WT Holdings Inc. v Argonaut Group, Inc.
2015 NY Slip Op 03253 [127 AD3d 544]
April 16, 2015
Appellate Division, First Department
Published by New York State Law Reporting Bureau pursuant to Judiciary Law § 431.
As corrected through Wednesday, June 3, 2015


[*1]
 WT Holdings Incorporated, Appellant,
v
Argonaut Group, Inc., Respondent.

Chaffetz Lindsay LLP, New York (Steven C. Schwartz of counsel), for appellant.

K&L Gates LLP, New York (Peter N. Flocos of counsel), for respondent.

Order, Supreme Court, New York County (Marcy S. Friedman, J.), entered February 18, 2014, which denied plaintiff's motion for leave to amend the complaint, unanimously affirmed, with costs.

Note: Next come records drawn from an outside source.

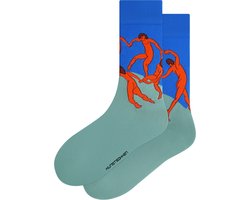 Kunst sokken - La Danse: Henri Matisse - Sokken Dames 36 40 - Biologisch Katoenen Sokken - funny socks happy - Vrolijke Sokken - Grappige Sokken - Sokken Cadeau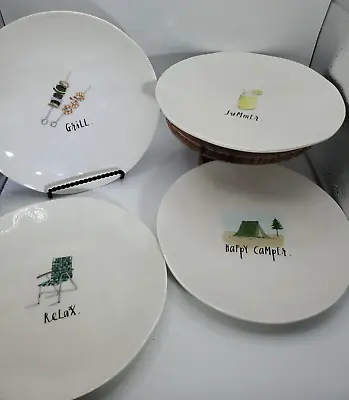 Rae Dunn  Melamine Lunch/Salad Plates Summer Relax Grill Happy Camper • $27.95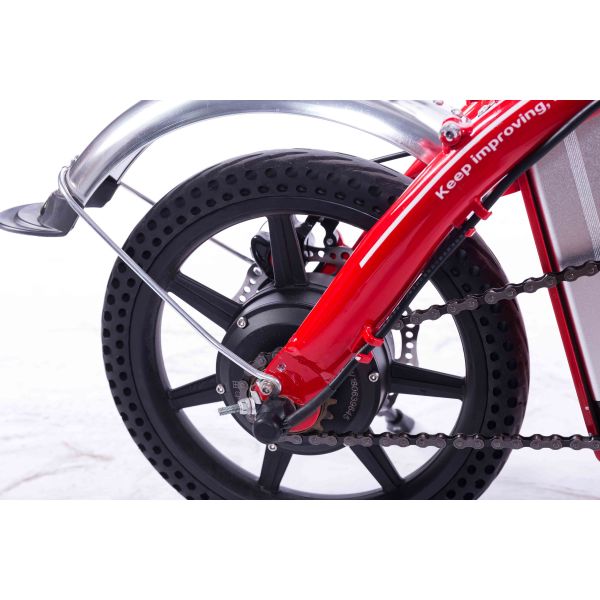 Red 14 Inch Portable Electric Bike , Mini Electric Touring Bike One Speed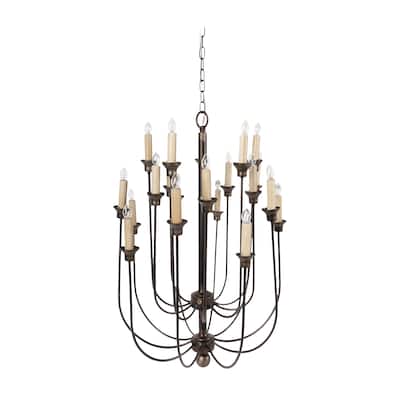 Traditional Decorative Metal Chandelier with Multiple Candles, Bronze and Cream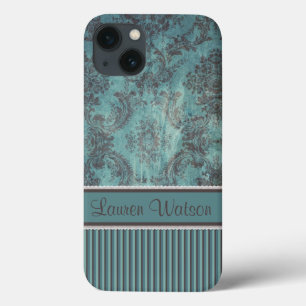 Etui iPhone 13 Monogramme brun turquoise de damassé vintage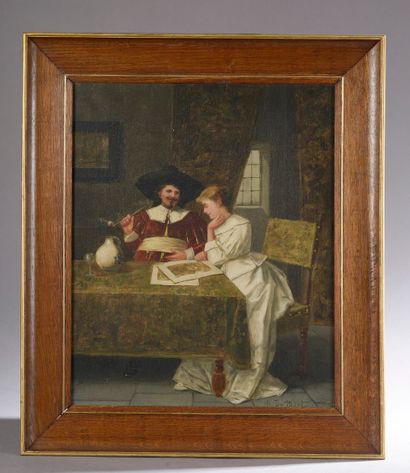 null François DUMONT (active around 1850).

Man and woman at table in a 17th century...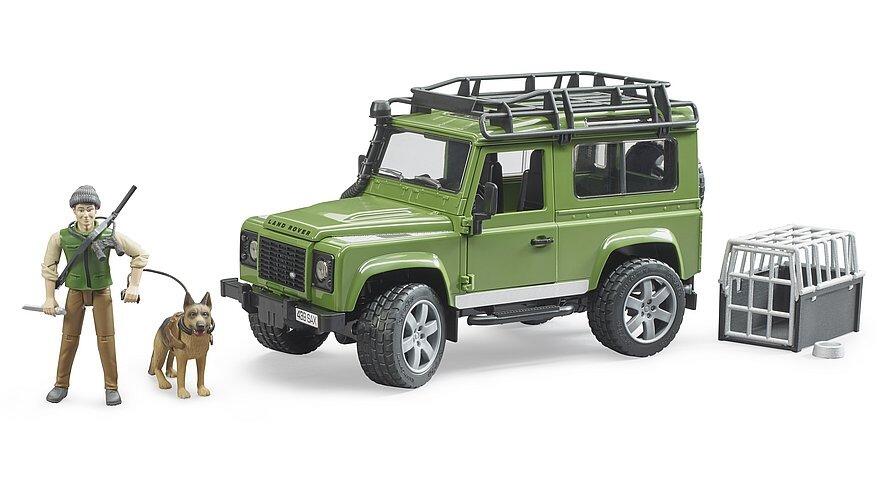 Green Land Rover Defender toy with forester figure, dog and accessories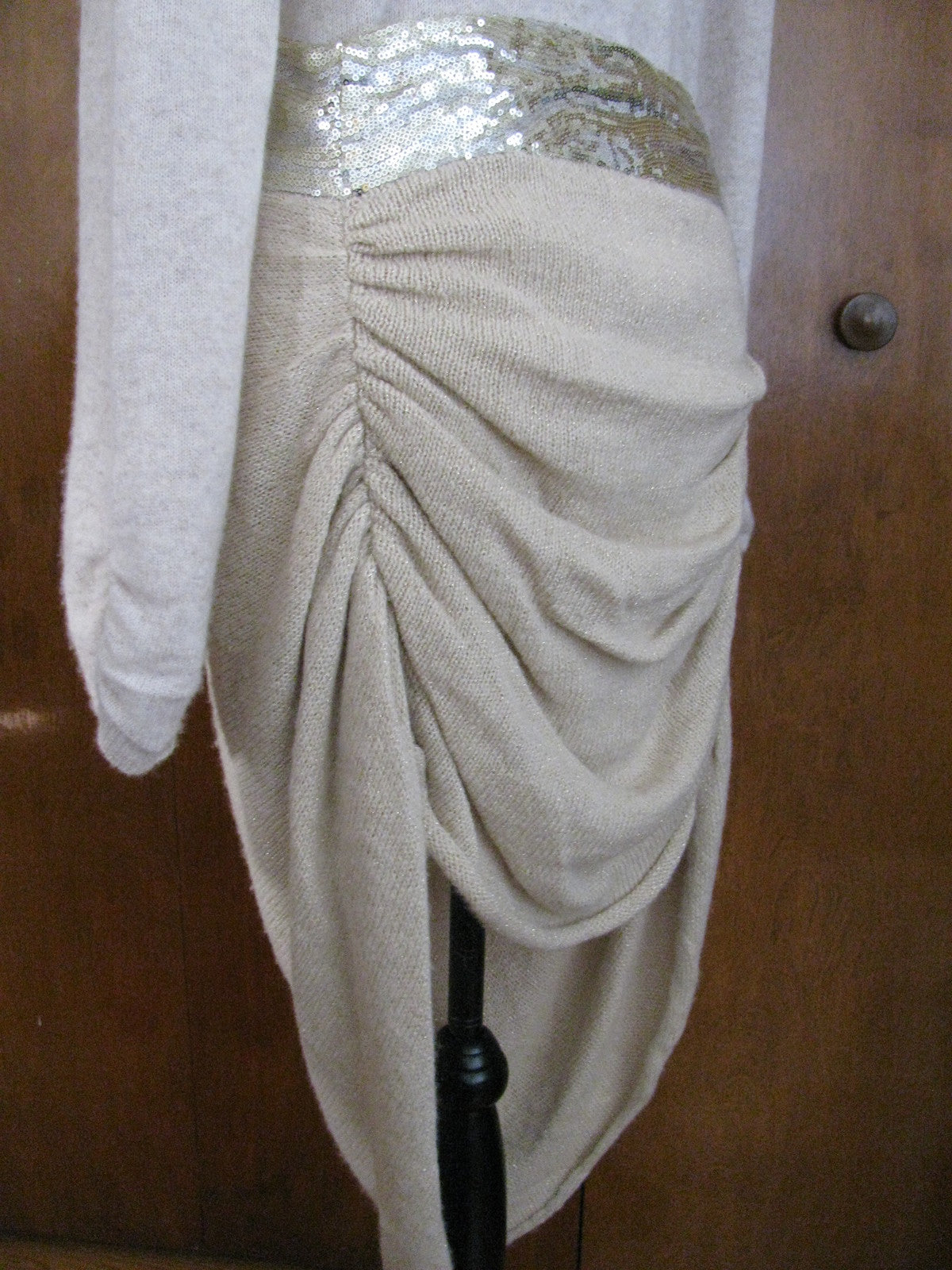 Free People Womens Ivory Assymetric Embelished Women's Skirt Size 1SZ Fits Large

We do not find that defendant would be prejudiced by an amendment to the complaint at this juncture (see Cherebin v Empress Ambulance Serv., Inc., 43 AD3d 364 [1st Dept 2007]). However, any amendment would be "palpably insufficient or clearly devoid of merit" (Nineteen Eighty-Nine, LLC v Icahn Enters. L.P., 99 AD3d 546, 548 [1st Dept 2012] [internal quotation marks omitted], lv denied 20 NY3d 863 [2013]). The stock purchase agreement contains not only a general merger clause pursuant to which the stock purchase agreement "supersedes" all prior oral statements, but also a "No Additional Representation" clause that disclaims liability and responsibility for any extra-contractual representation, rendering the fraud claim not viable (see Natoli v NYC Partnership Hous. Dev. Fund Co., Inc., 103 AD3d 611, 613 [2d Dept 2013]). We reject plaintiff's contention that the "No Additional Representation" provision is not sufficiently specific to bar the proposed fraudulent inducement claim. Concur—Mazzarelli, J.P., Friedman, Manzanet-Daniels, Clark and Kapnick, JJ.